##
* *Reflection: Developing a Conceptual Understanding
Skating on a Number Line - Section 2: Teacher Demonstration

When creating this activity for students, I wanted to make sure each slide was created with great intentions:

1. I wanted to expose students to the tape diagram (also called bar diagram) prior to teaching students how to use this model on their own.

2. Instead of creating a skating word problem, I simply placed a girl skating next to one "part," a boy skating next to another "part," and a boy and girl skating together next to the "whole." I was hoping students would be able to focus more on modeling the processes of adding/subtracting.

3. I modeled a variety of addition and subtraction scenarios, including Part-Part Whole (unknown part or whole) and Comparison (unknown part or unknown difference).

4. Finally, I developed a staircase of complexity by beginning with easier tasks (addition, smaller numbers) and building up to more difficult tasks (subtraction, larger numbers, inclusion of zero).

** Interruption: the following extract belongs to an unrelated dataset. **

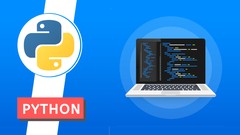 Python A-Z: Learn Python Programming By Building 5 Projects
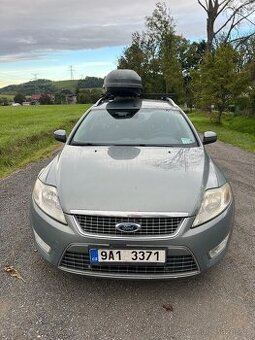 Ford Mondeo combi 2.0, 107 kW, najeto 228.884 km (MK 4)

*Developing a Conceptual Understanding: Reflection*

# Skating on a Number Line

Lesson 6 of 16

## Objective: SWBAT use an open number line to solve multi-digit addition and subtraction problems.

#### Opening

*5 min*

To begin today's lesson, I decided it would be fun to show this roller skating commercial for Evian water to students. I explained: *Fourth graders, today we are going to solve some roller skating problems! I thought we should watch a roller skating video to help us feel inspired! *Many students giggled all the way through the video. Others excitedly said, "Oh yeah! I've seen this before!"

**Rationale**

I knew roller skating would be a fun context for adding. Later on, students will be solving word problems involving roller skating. This commercial will help spark interest.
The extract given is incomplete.